Life in the UK Test Guides
KnowTheUK is an independent practice and revision website. It is not GOV.UK, the Home Office, or the official Life in the UK Test booking service.
This guide library helps you turn practice questions into a complete preparation plan. The best route is not to memorise a long list of answers. Start with the official source, use practice tests to reveal weak areas, drill one topic at a time, and check current booking rules before you pay for an appointment.
The pages below are written for learners preparing for settlement or British citizenship applications where the Life in the UK Test is required. They link back to GOV.UK for official facts and use KnowTheUK practice content only as revision support.
Start here
If you are new to the test, take one untimed diagnostic mock test first. Do not worry about the score. Use the missed answers to choose two weak topics, read the related official-guide sections, then take focused topic drills before trying another full 24-question mock test.
Open the study guide, start mock test 1, or read the practice guide.
Study guide
The Life in the UK study guide is the home for structured revision material: original notes, topic maps, and module overviews for geography, government, history, rights, and culture. It is intentionally separate from the official handbook and from the quiz bank so learners can study before testing themselves.

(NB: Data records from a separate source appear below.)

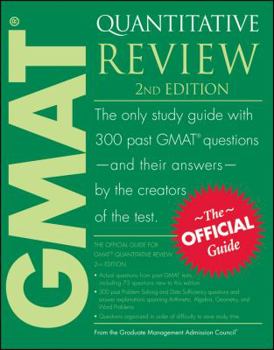 Paperback The Official Guide for GMAT Quantitative Review Book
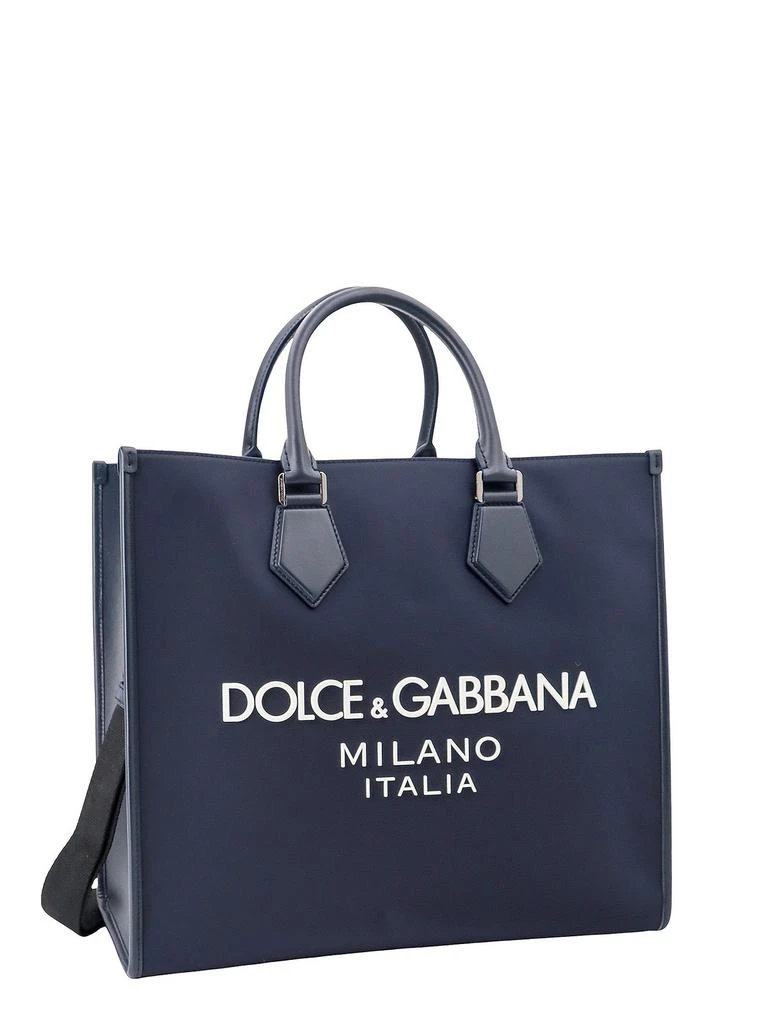 Dolce & Gabbana Dolce & Gabbana Logo Rubberized Large Shopper Bag 3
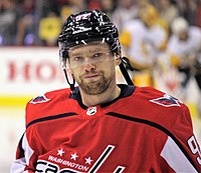 Евгений Кузнецов в матче против «Питтсбург Пингвинз» 29 апреля 2018 года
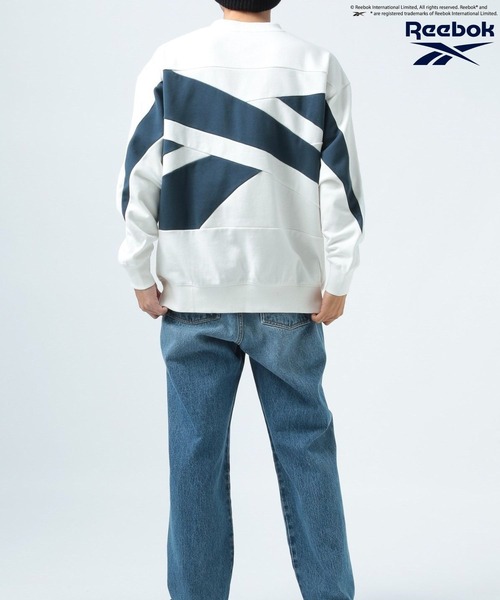 「Reebok」 スウェットカットソー MEDIUM ブラック メンズ_画像3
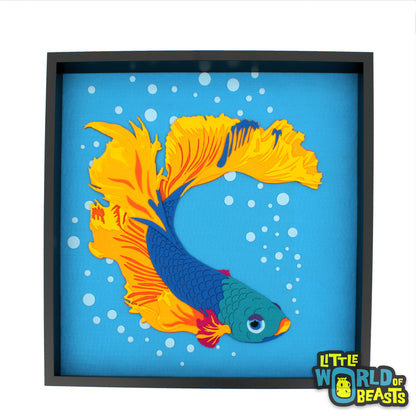 Betta Fish Felt Portrait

Start with the official source
GOV.UK says the test is based on official study materials and is required for British citizenship or settlement applications where the route asks for it. It also confirms the official format: 24 questions, 45 minutes, and a 75% pass mark. GOV.UK lists the booking fee as £50 and says you must book at least 3 days before the appointment.
Use the GOV.UK Life in the UK Test page for booking and current requirements. Use GOV.UK test-day guidance for what happens at the test centre, including the importance of bringing the same accepted ID details used for booking.
Use practice tests properly
Practice tests are most useful when you review the explanation, not just whether the answer was right. After a mock test, sort mistakes into topics: history dates, saints and symbols, monarchy and Parliament, rights and law, geography, and culture or sport. If a topic appears repeatedly, stop taking full tests for a session and drill that topic instead.
A practical sequence is diagnostic test, topic drill, official-guide reread, timed mock test, then review. Repeating the same test until it feels familiar can inflate your score without improving recall. Passing several different tests is a better signal.
Choose a topic drill
Patron saints and symbols
Flags, flowers, saints, emblems, and national days.
Monarchy and Parliament
The Crown, elections, MPs, ministers, and devolution.
Rights, law, and citizenship
Legal systems, voting, civic duties, and responsibilities.
Geography and places
Nations, capitals, landmarks, regions, rivers, and mountains.
Culture and sport
Literature, arts, festivals, media, sport, and public life.
Booking and test day
Book only through the official GOV.UK service. Before paying, check your name, accepted ID details, test centre, date, and time. The ID point matters because test-centre staff check the document against the booking details. KnowTheUK cannot book, cancel, move, or verify an official appointment.
After booking, keep practising with a mix of timed mock tests and targeted revision. In the final days, review missed explanations and official-guide sections rather than trying to learn every weak topic from scratch.
Citizenship and ILR context
The Life in the UK Test is one part of a wider immigration or citizenship application. Passing the test does not by itself prove eligibility for ILR or citizenship. If you are preparing for naturalisation, the UK citizenship absence calculator can help you organise travel dates for the standard 5-year route, but it is guidance only and not legal advice.
FAQ
Is KnowTheUK official?
No. KnowTheUK is independent and is not affiliated with GOV.UK, the Home Office, or the official test provider.
Are these official questions?
No. They are independent practice questions written for revision. Use the official study materials as your source for what can be tested.
Do I still need the official guide?
Yes. Practice questions check recall, but the official Guide for New Residents is the source GOV.UK points candidates to for test content.
When should I book?
Book when you have studied the official material and can pass varied practice tests reliably. GOV.UK says bookings must be made at least 3 days before the appointment.
How should I use mock tests?
Use one test to diagnose weak areas, topic drills to repair them, and later timed tests to check readiness.